Rep: Dedy Darmawan Nasution/ Red: Friska Yolanda
Karyawan memegang mata uang rupiah di gerai penukaran mata uang asing Ayu Masagung, Kwitang, Jakarta Pusat, Senin (28/1/2019).
Foto: Antara/Sigid Kurniawan
Karyawan memegang mata uang rupiah di gerai penukaran mata uang asing Ayu Masagung, Kwitang, Jakarta Pusat, Senin (28/1/2019).

REPUBLIKA.CO.ID, JAKARTA -- Ekonom lembaga riset Institute for Development of Economic and Finance (Indef) Bhima Yudhistira, mengatakan, masuknya aliran modal asing (capital inflow) dalam jumlah besar ke instrumen surat utang justru berisiko. Inflow tersebut amat rentan keluar secara tiba-tiba akibat dinamika ekonomi global yang belum sepenuhnya berjalan normal.
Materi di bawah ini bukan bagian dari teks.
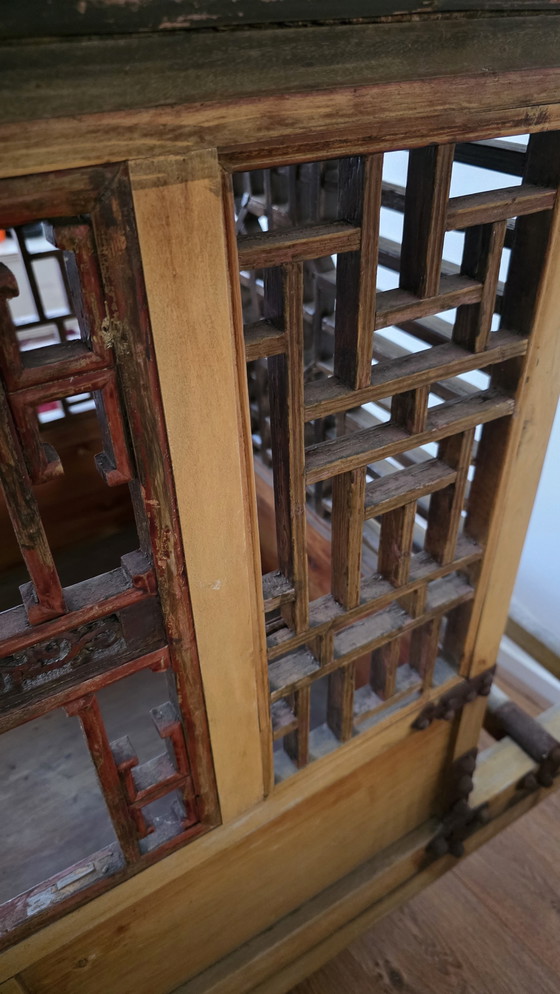 Image 1 of Antica portantina cinese palanchino con ruote, circa 1900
Bank Indonesia menyatakan, total modal asing yang masuk ke Indonesia per 21 Februari 2019 mencapai Rp 45,9 triliun. Sebanyak Rp 33,9 triliun di antaranya masuk ke portofolio Surat Berharga Negara (SBN), Sertifikat Bank Indonesia (SBI) sebesar Rp 1,1 triliun, dan saham mencapai Rp 11,3 triliun.
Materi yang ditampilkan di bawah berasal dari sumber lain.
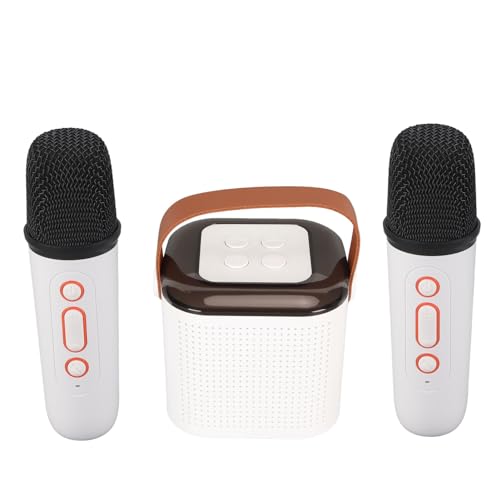 Karaoke Machine Stereo Tragbare RGB -Lichtlautsprecherin mit 2 Mikrofon für Home Party Black KTV Geeignete Arbeit Ka Karaoke -Maschine Maschine Lautsprecher Mikrofon Setportable (White) von CFTGIW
Capaian itu jauh lebih besar daripada keseluruhan capital inflow 2018 yang hanya Rp 13,9 triliun. “Jika investor asing secara bersamaan menjual kembali surat utang itu maka nilai rupiah bisa kembali tertekan. Ini justru bisa memperparah struktur ekonomi,” kata Bhima kepada Republika.co.id, Sabtu (23/2).

Bhima mencatat, saat ini sebanyak 37 persen dari total surat utang pmerintah Indonesia dipegang oleh investor asing. Kondisi itu mencerminkan Indonesia menjadi salah satu negara dengan kepemilikan asing tertinggi di surat utang.
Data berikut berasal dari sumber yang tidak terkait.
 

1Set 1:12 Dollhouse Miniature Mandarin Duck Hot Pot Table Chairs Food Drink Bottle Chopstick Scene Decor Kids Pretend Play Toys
Padahal, seharusnya, hal yang harus didorong adalah penanaman modal asing (PMA) di sektor riil. Terutama di sektor-sektor industri manufaktur yang memiliki multiplier effect terhadap pertumbuhan ekonomi Indonesia keseluruhan. Salah satunya, peningkatan penyerapan tenaga kerja.

Ia pun mencatat sejumlah sentimen negatif yang harus diperhatikan oleh Bank Indonesia bersama pemerintah. Di antaranya, perang dagang di pasar global, pengetatan likuiditas global, antisipasi kericuhan menjelang Pemilu 2019, hingga laporan keuangan emiten di bulan Maret yang berpotensi tidak sesuai ekspektasi.

Berdasarkan kurs referensi Jakarta Interbank Spot Dollar Rate (JISDOR) Bank Indonesia, nilai tukar rupiah sejak 1 Februari 2019 hingga 22 Februari tengah mengalami pelemahan. Pada awal bulan, rata-rata rupiah diperdagangkan Rp 13.978 per dolar AS. Namun, hingga akhir pekan ini, rupiah diperdagangkan Rp 14.079 per dolar AS.

Kondisi serupa juga terlihat pada Indeks Harga Saham Gabungan (IHSG) Bursa Efek Indonesia. Tercatat pada 1 Februari 2019, laju IHSG sebesar 6.538,638 sedangkan pada 22 Februari 2019, IHSG mengalami pelemahan tipis menjadi 6.501,378. 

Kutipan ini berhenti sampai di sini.